L’Evêque de Port-Louis serait prêt à faire acte de contrition. Cela l’honore d’autant plus qu’il n’avait même pas à le faire. Tout le passé du catholicisme depuis cinq siècles, et la somme de ses oeuvres charitables en Afrique et ailleurs, l’en dispensaient. Amplement.
Enrichissement et compensation
En Europe il s’avère, parait-il, que la fortune de certaines grandes familles encore puissantes aujourd’hui remonte à la traite qui aura duré 400 ans. Les profits de ce trafic humain fut investi dans le financement des gouvernements, dans les mines de charbon et de fer, dans l’armement, dans les banques, les assurances, et, à partir de 18e siècle, dans tous les secteurs d’une industrialisation accélérée.
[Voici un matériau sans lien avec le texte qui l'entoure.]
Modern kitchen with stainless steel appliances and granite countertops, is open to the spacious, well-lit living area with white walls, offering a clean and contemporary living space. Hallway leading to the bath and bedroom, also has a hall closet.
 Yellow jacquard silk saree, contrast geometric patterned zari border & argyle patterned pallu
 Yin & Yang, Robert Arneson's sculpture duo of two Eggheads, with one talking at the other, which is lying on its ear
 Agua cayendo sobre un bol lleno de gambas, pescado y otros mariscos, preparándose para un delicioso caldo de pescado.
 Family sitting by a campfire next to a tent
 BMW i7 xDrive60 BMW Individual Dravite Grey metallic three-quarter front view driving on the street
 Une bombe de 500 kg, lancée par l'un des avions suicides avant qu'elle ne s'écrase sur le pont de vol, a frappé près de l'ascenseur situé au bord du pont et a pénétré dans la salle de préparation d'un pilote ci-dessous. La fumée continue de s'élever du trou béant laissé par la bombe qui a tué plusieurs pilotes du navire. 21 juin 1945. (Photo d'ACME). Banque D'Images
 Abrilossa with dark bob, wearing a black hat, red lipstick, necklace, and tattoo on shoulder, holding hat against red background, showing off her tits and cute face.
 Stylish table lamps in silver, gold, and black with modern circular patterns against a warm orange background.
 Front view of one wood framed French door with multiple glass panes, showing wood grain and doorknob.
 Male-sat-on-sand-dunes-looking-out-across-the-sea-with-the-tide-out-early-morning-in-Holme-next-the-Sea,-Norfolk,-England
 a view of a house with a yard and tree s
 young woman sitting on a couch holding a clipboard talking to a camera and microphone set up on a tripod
La fortune de certains groupes mauriciens remonte également à la pratique de l’esclavage et de l’engagisme du 18e au 20e siècle. Il serait toutefois injuste de limiter cet enrichissement à la seule exploitation de la sueur humaine, sans admettre qu’en contrepartie, il y eut une forte dose de débrouillardise, de vision, de rigueur et d’astucieux investissements dans les banques, le commerce, la construction, l’import-export, la navigation..
Il n’est pas déraisonnable qu’aujourd’hui les descendants des esclaves réclament une compensation. Ce qui est juste n’est toutefois pas facile à satisfaire.
Les embûches juridiques, économiques, politiques, diplomatiques sont nombreuses. Il ne suffit pas d’identifier ceux qui doivent regretter, s’excuser, compenser, cela plusieurs générations après l’abolition, après de nombreux changements administratifs, constitutionnels dans l’organisation de certaines institutions, et d’un gouvernement aujourd’hui indépendant, où des milliers de petits-fils et de petites-filles de descendants d’esclaves et d’engagés sont employés, considérés, socialement intégrés et rétribués équitablement. Et quid, en passant, des rabatteurs africains dont les descendants ont pignon sur rue dans les ports d’Afrique de l’Est et de l’Ouest ? Ces roitelets ou chefs de tribus vendaient sans vergogne leurs semblables aux capitaines de vaisseaux engagés dans la traite.
Vont-ils eux aussi avoir à demander pardon ?
A une demande de pardon qui est loin de recueillir l’adhésion des institutions identifiées, une sincère reconnaissance des mérites paraît plus raisonnable philosophiquement, et moralement plus adaptée aux circonstances actuelles. Que l’hommage éventuellement rendu aux esclaves et aux engagés par un texte approprié débouche sur tout un programme d’actions à mener afin d’atténuer les séquelles de ce lourd passé d’exploitation et de mépris.